● **Exercise prompt**:
Look through the entries below for the line that contains "Created from 90%", then set down that line and each one after it exactly, through the last.

● **Material for the task**:
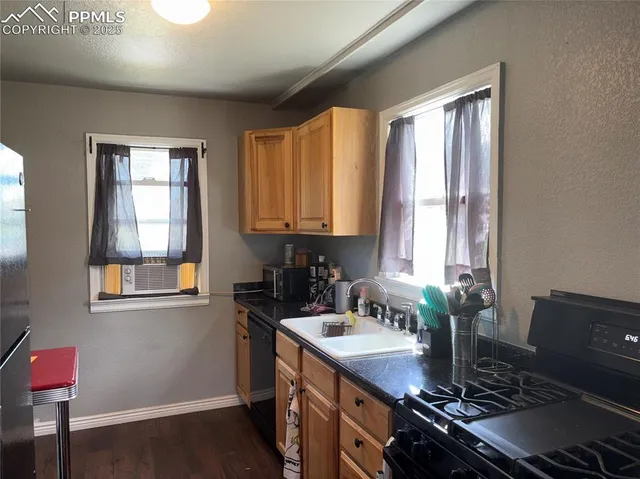 a kitchen with a sink stove top oven and cabinets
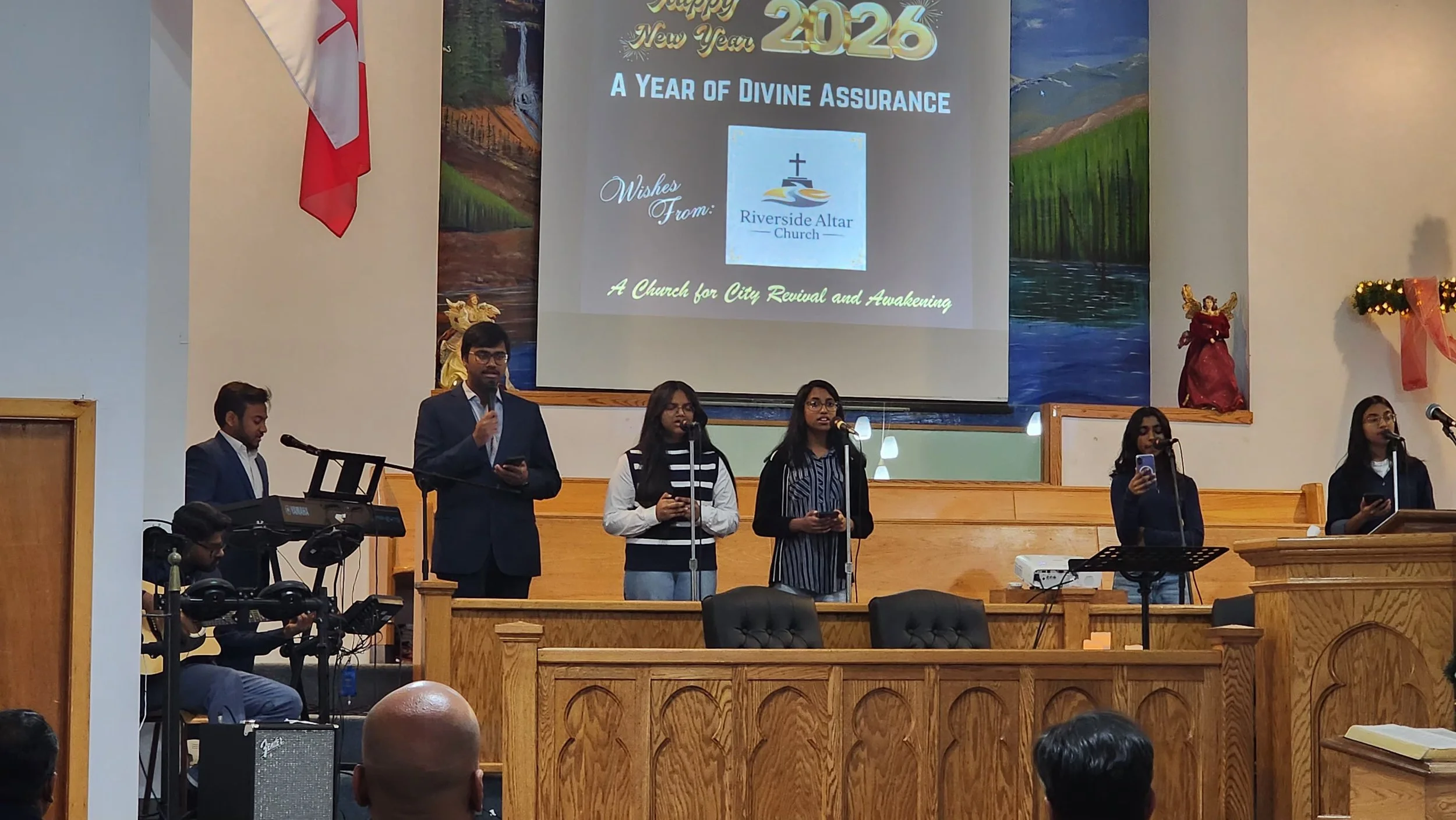 Group of six people singing or speaking into microphones on stage at Riverside Altar Church, with a large screen behind them displaying a New Year message for 2026 and wishes from the church. The stage has wooden paneling, and there are religious sta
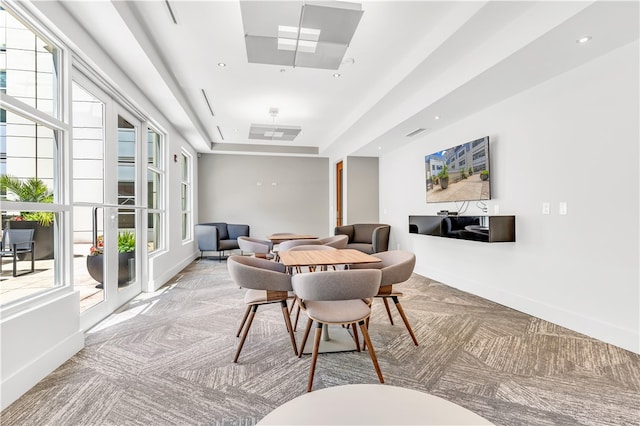 dining room featuring light carpet and a raised ceiling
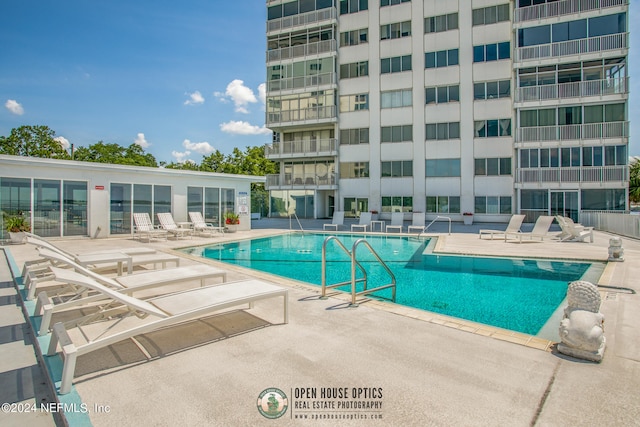 view of swimming pool featuring a patio area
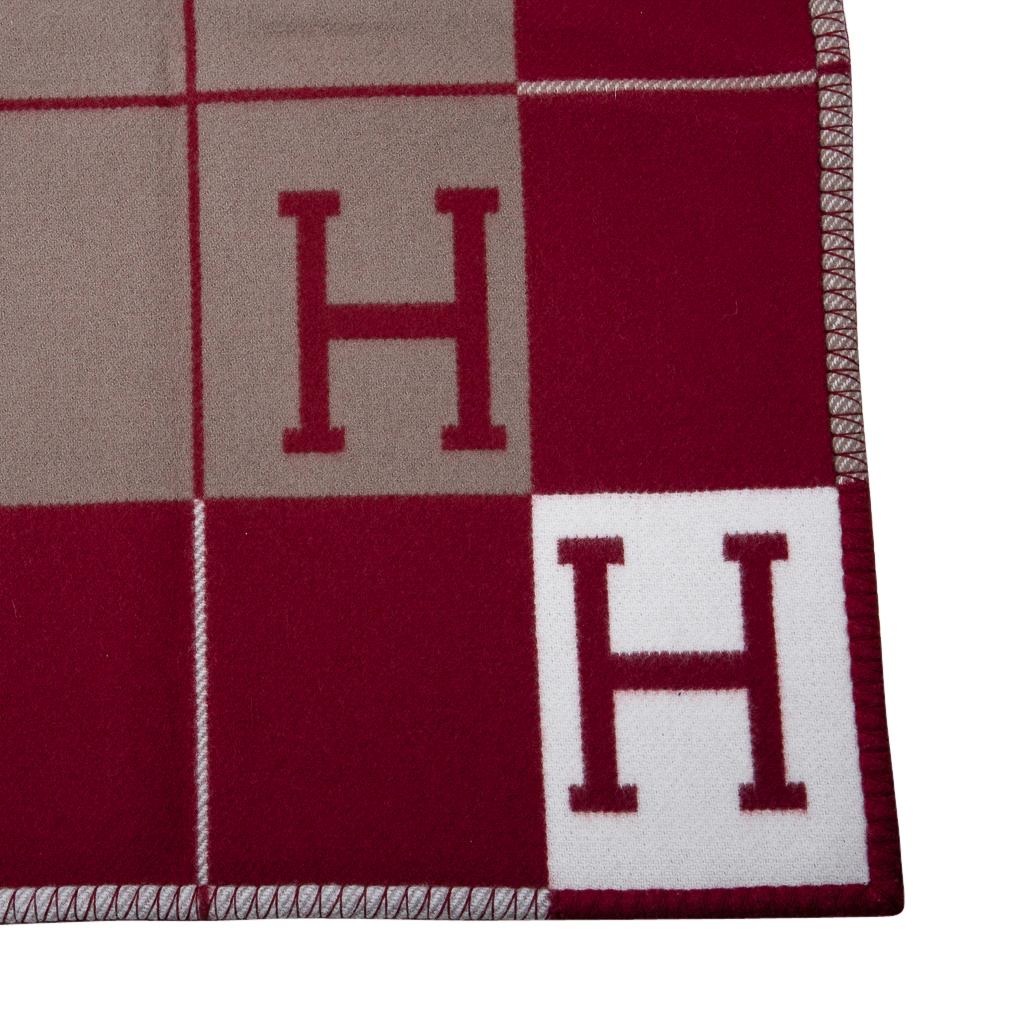 Guaranteed authentic Hermes Avalon blanket featured in Rouge H.
Created from 90% Merino Wool and 10% cashmere and has whip stitch edges.
New or Pristine Store Fresh Condition. 
**Please see the matching throw pillow / cushion listed separately.**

● **Reply**:
Created from 90% Merino Wool and 10% cashmere and has whip stitch edges.
New or Pristine Store Fresh Condition. 
**Please see the matching throw pillow / cushion listed separately.**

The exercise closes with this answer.